Records supplied |
··········

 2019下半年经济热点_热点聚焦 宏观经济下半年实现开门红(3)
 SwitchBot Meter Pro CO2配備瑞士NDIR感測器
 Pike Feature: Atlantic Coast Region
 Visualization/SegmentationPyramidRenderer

··········

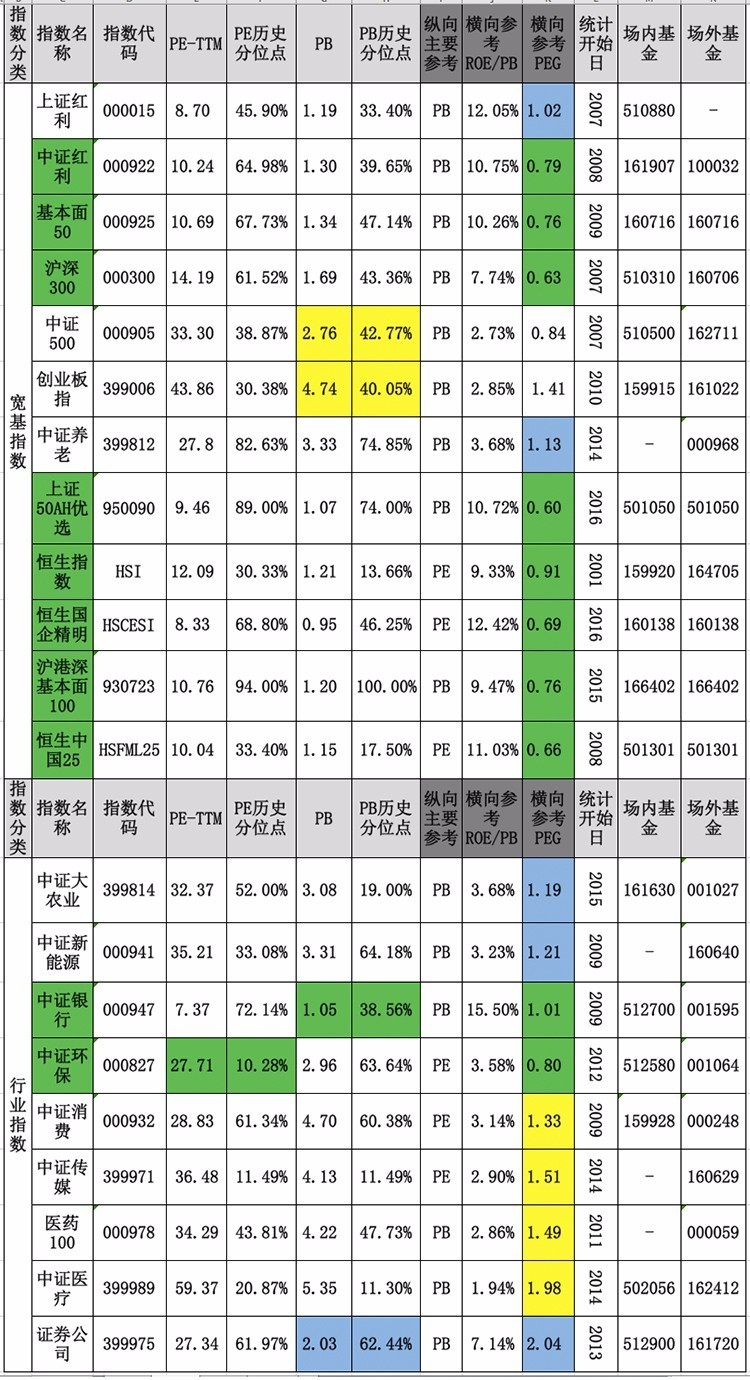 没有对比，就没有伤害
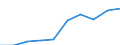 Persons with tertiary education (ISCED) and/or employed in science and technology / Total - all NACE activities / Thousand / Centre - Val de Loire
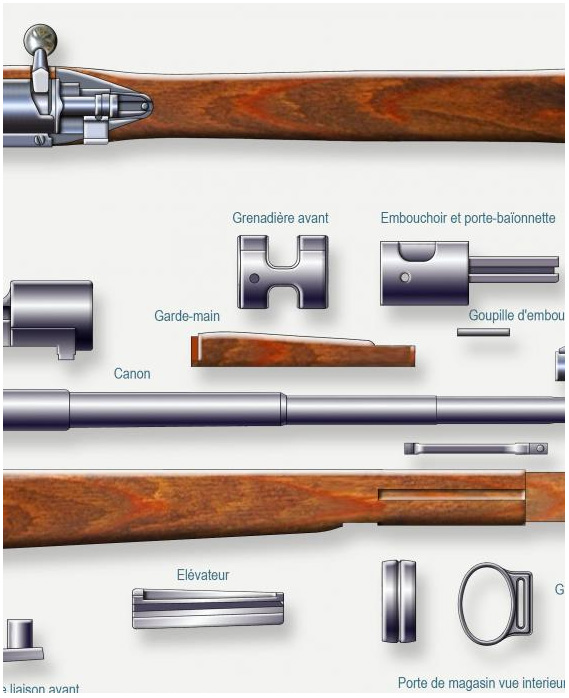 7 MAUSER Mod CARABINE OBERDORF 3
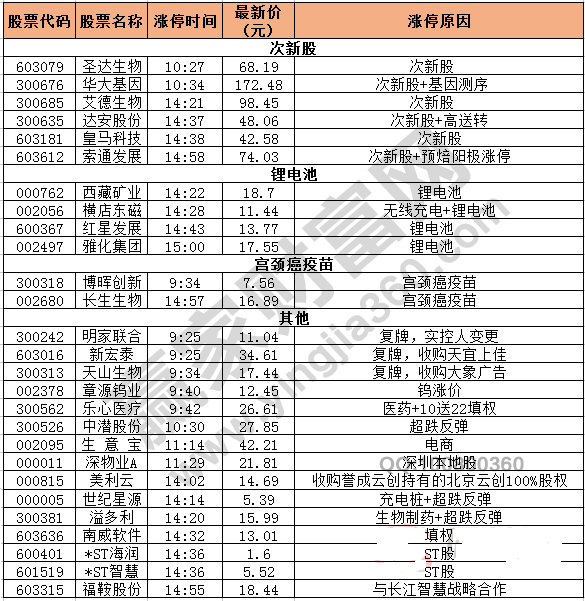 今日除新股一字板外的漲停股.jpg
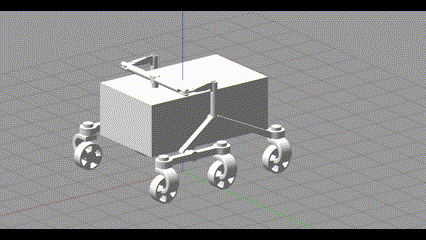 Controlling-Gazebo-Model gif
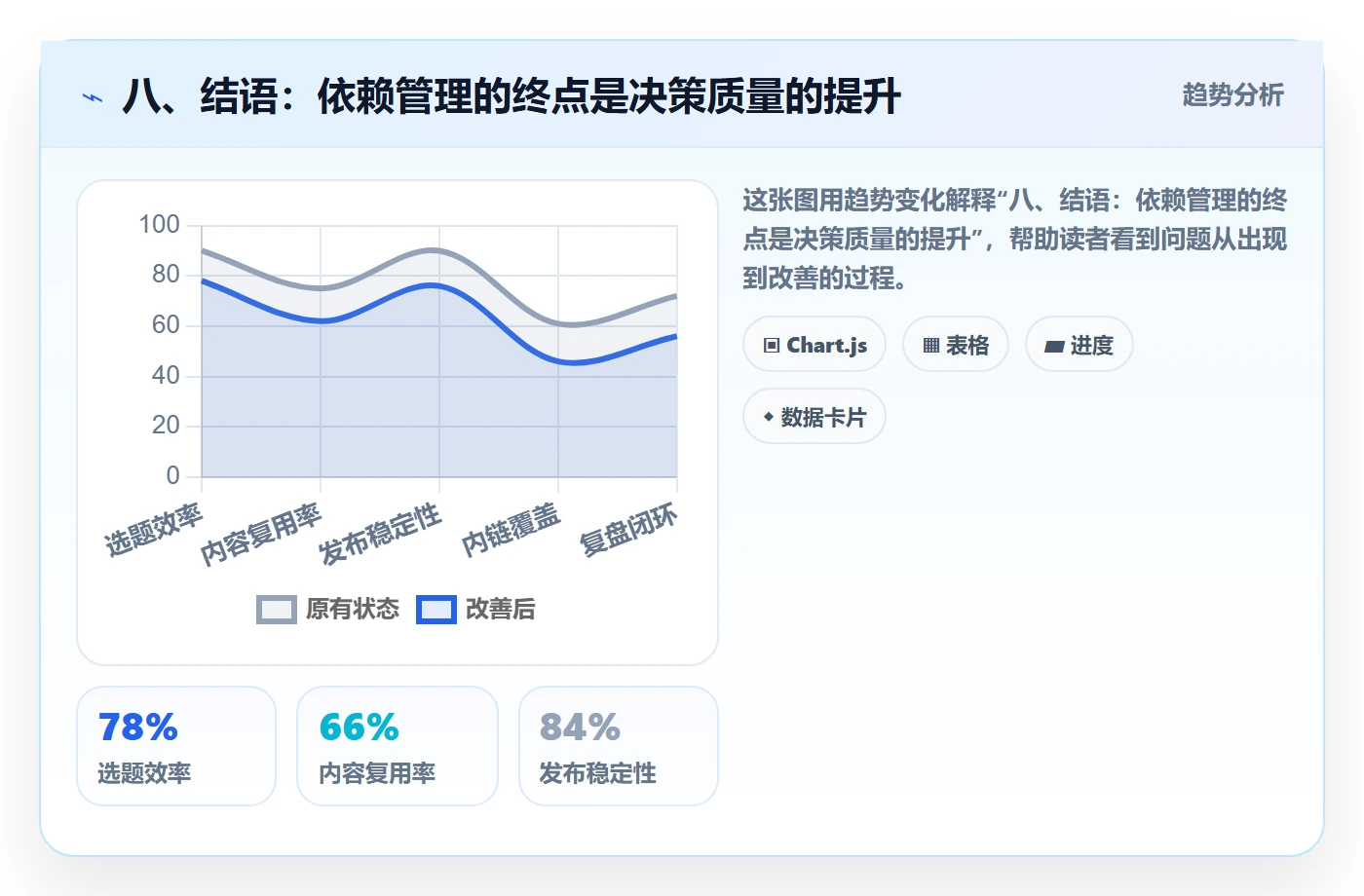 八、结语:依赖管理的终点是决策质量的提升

··········

Work item | An exact copy is needed of the stretch above that opens with the line containing "Controlling-Gazebo-Model gif" and closes with the line containing "八、结语:依赖管理的终点是决策质量的提升"; the pictures are not part of it.

Result |
 Controlling-Gazebo-Model gif
 八、结语:依赖管理的终点是决策质量的提升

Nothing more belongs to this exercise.